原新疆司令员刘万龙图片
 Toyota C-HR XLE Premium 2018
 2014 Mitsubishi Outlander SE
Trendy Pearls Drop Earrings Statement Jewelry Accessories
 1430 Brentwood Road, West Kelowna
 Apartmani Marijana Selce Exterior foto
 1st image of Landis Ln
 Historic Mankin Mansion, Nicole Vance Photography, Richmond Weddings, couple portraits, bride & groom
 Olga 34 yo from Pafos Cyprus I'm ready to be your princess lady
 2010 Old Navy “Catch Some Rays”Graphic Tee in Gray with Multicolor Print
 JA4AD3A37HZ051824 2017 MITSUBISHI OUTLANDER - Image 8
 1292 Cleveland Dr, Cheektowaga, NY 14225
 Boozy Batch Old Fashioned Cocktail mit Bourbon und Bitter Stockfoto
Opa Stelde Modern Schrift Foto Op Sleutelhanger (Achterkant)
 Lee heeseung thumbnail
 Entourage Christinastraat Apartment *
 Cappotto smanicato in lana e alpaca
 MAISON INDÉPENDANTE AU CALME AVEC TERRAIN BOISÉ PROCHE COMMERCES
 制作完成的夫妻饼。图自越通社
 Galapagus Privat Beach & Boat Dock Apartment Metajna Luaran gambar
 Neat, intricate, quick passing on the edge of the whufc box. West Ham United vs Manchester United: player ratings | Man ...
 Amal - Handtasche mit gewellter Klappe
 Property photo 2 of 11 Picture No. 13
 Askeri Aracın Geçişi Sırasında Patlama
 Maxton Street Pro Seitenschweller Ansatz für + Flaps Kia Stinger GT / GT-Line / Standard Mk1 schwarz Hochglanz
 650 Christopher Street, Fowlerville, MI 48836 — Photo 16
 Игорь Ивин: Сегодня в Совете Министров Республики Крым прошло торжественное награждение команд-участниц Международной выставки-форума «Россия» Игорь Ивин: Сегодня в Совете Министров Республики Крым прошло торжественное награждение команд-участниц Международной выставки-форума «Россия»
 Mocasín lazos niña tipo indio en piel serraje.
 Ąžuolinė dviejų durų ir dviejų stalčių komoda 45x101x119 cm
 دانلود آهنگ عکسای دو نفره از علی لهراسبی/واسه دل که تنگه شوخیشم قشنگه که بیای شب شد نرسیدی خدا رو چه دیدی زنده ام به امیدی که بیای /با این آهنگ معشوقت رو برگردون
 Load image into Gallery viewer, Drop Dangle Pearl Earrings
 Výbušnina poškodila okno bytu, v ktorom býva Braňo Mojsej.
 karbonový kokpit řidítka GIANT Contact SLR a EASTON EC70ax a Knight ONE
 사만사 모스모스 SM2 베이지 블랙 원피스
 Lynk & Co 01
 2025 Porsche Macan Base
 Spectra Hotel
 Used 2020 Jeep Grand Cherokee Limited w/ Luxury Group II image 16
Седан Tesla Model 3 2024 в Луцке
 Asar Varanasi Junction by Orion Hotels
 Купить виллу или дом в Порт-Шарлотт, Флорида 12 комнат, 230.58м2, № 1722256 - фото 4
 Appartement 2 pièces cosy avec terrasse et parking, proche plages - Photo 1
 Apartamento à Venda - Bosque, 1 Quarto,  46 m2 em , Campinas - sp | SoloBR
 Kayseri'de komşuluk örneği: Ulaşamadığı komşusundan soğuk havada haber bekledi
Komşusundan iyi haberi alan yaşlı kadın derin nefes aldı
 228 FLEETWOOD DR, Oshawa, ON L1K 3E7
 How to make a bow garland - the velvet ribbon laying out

▶ **Task description**
Your answer should be a single number: the count of lines in the material above that contain "Street".

▶ **Exercise response**
2